The news is full of reports about skyrocketing electric bills across the country and numerous outages in the Northeast. Maine gets it share of both.
Something is wrong when the complaints occur as often and as loudly as they do now. Utilities and their friends have come up with ready responses that squarely place the blame on somebody else.
Customers are faulted for not recognizing their power consumption increases as they run electric heaters or oil burners. And frequent nor’easters get the blame for what seems to be an unusually high number of outages.
Of course, electric consumption increases in cold, dark winters. And, this year, the cost of fuel to run utility generation may also have increased. So it is not surprising that as usage increases, bills are higher. And some customers look only at the bottom line and ignore the number of kilowatt-hours.
But this is not the most severe winter ever, so some huge increases seem to be caused by more than usage. CMP, for example, has removed the prior year’s monthly usage from the bill, making ready comparisons impossible. That deletion makes it more difficult to accept the explanation that it’s all a matter of usage.

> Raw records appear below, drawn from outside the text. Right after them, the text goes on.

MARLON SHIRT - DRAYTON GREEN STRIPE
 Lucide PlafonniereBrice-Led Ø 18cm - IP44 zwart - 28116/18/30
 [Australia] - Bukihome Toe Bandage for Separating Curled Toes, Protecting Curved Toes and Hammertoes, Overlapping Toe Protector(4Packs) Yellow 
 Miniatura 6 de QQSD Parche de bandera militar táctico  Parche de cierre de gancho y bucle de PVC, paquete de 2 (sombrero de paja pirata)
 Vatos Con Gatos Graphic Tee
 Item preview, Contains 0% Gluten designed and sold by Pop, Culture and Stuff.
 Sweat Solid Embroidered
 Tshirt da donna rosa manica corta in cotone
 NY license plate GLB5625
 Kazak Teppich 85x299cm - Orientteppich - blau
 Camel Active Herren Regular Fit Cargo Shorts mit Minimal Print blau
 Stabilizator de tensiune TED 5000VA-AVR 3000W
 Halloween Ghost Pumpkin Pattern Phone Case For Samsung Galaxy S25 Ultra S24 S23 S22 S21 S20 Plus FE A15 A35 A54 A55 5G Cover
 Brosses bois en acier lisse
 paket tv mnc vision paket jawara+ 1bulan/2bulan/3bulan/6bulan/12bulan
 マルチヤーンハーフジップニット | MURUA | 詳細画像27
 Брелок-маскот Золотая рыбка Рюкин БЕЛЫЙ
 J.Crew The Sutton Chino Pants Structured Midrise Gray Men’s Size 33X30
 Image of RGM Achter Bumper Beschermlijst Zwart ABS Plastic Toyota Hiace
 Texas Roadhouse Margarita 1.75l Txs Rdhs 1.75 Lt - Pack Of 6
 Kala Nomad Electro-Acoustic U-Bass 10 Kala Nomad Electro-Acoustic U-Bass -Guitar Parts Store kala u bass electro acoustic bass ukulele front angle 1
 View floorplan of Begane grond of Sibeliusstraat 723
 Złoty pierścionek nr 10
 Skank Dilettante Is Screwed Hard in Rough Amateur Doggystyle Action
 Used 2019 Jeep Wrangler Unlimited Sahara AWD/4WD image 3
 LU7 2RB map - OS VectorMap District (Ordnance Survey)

One obvious culprit is the meter. Utilities have installed so-called “smart” meters, supposedly because they will allow customers to manage their usage better, obtaining greater efficiency and lower costs. While that promise mostly goes unfulfilled, it has worked well for utilities that can eliminate meter reader jobs.
During a major, recent nor’easter, smart meters turned out to be dumb. They could not highlight outage locations very well, nor did they provide good data to the central office, which would help it efficiently assign repair crews. Despite their shortcomings, a big part of the meter’s cost is recovered in a customer’s rates and will be for many years.
Given these known defects, it just might be possible that bills, way out of line with past experience, may be caused by defective meter information. To relieve customer worries while the cause is being investigated, the regulators should announce that their payment obligation will be limited to the previous year’s level.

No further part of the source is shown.